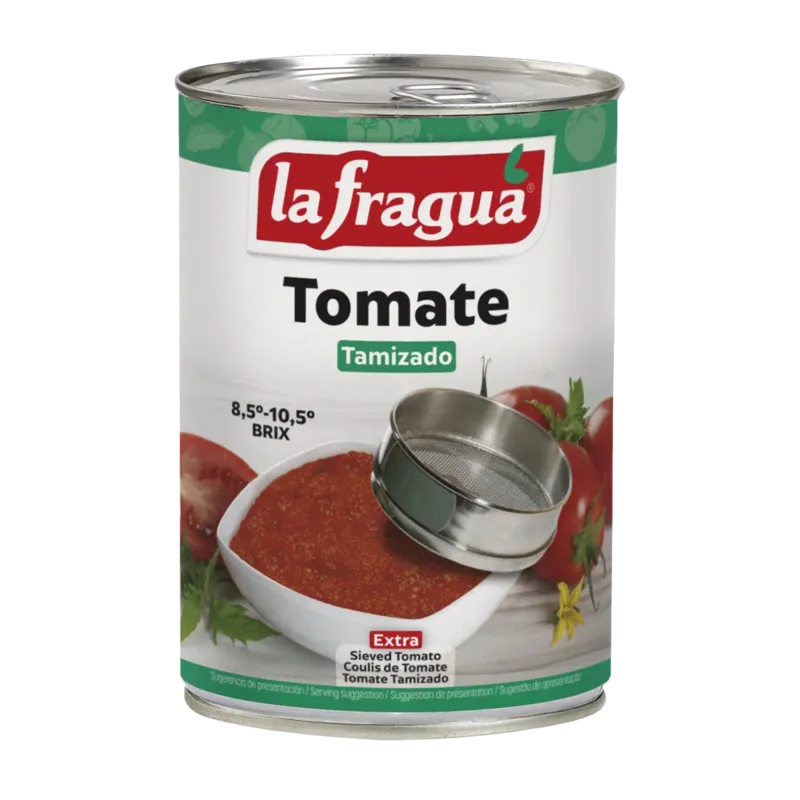 Tomate Tamizado Extra Lata 1/2 kg F.A. - Apilable; ºBrix 8,5 - 10,5 · 12 unidades · La Fragua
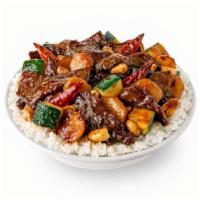 Kung Pao Beef · Spicy - A blazing sauce with seared chilies, peanuts, water chestnuts, zucchini and dry chil...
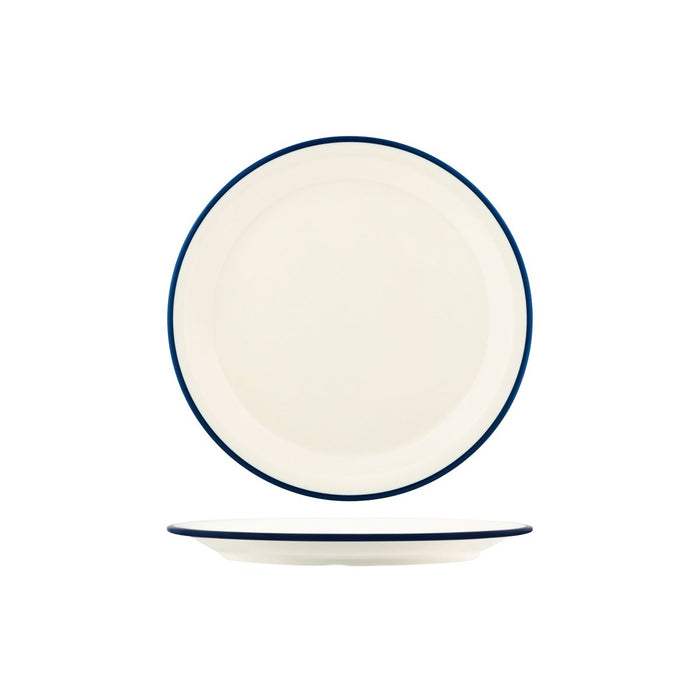 JAB JAB VINTAGE CREAM/BLUE RIM ENAMEL LOOK ROUND PLATE 255mm (x6)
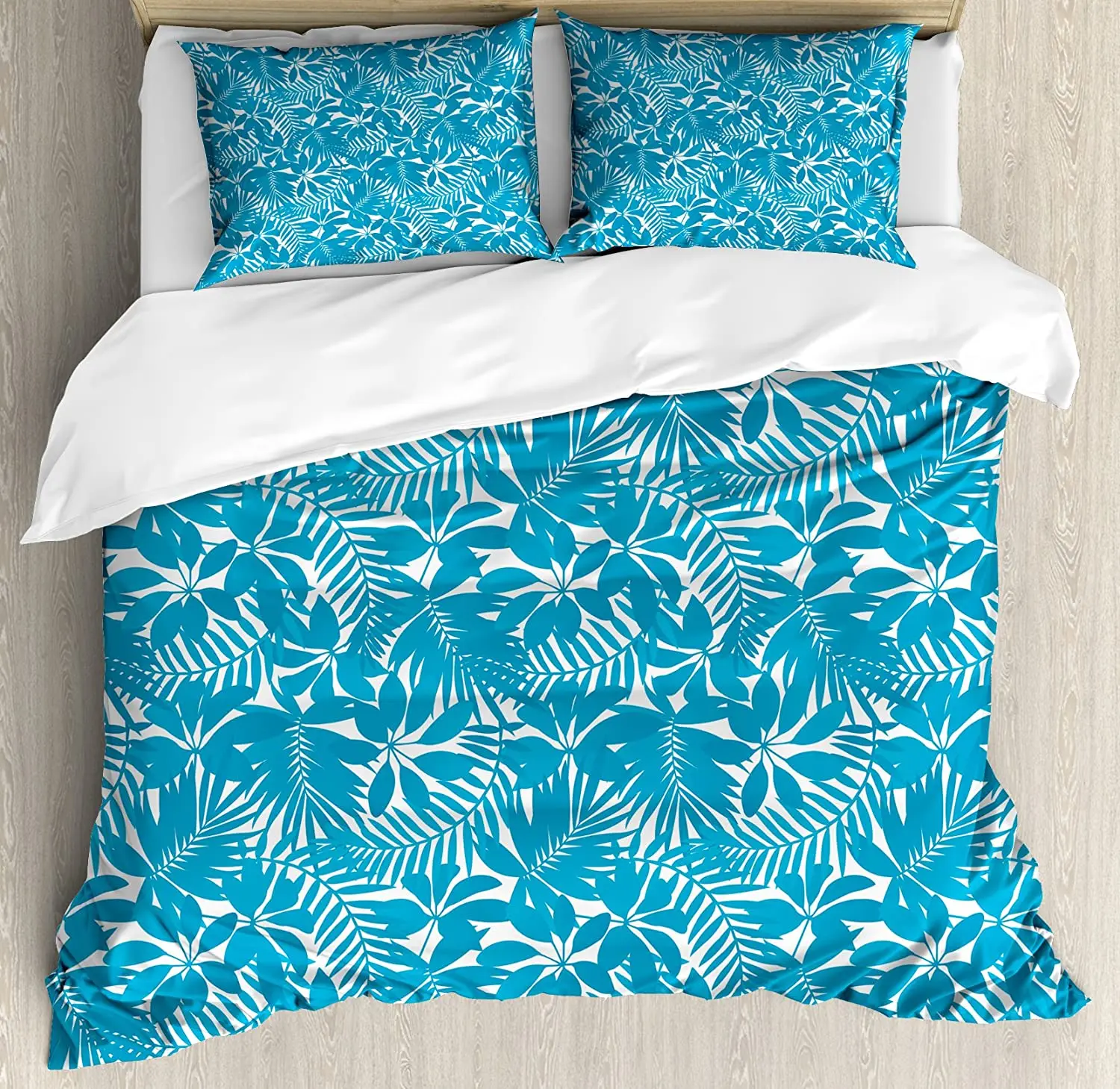 Aqua Bedding Set For Bedroom Bed Home Tropical Tree Leaves Pattern Hawaiian Nature and Veg Duvet Cover Quilt Pillowcase |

○ ○ ○

* **WHAT THE TASK REQUIRES**
Leave the images out as you retype each line of the material exactly.

* **THE COMPLETED TASK**
 Tomate Tamizado Extra Lata 1/2 kg F.A. - Apilable; ºBrix 8,5 - 10,5 · 12 unidades · La Fragua
 Kung Pao Beef · Spicy - A blazing sauce with seared chilies, peanuts, water chestnuts, zucchini and dry chil...
 JAB JAB VINTAGE CREAM/BLUE RIM ENAMEL LOOK ROUND PLATE 255mm (x6)
 Aqua Bedding Set For Bedroom Bed Home Tropical Tree Leaves Pattern Hawaiian Nature and Veg Duvet Cover Quilt Pillowcase |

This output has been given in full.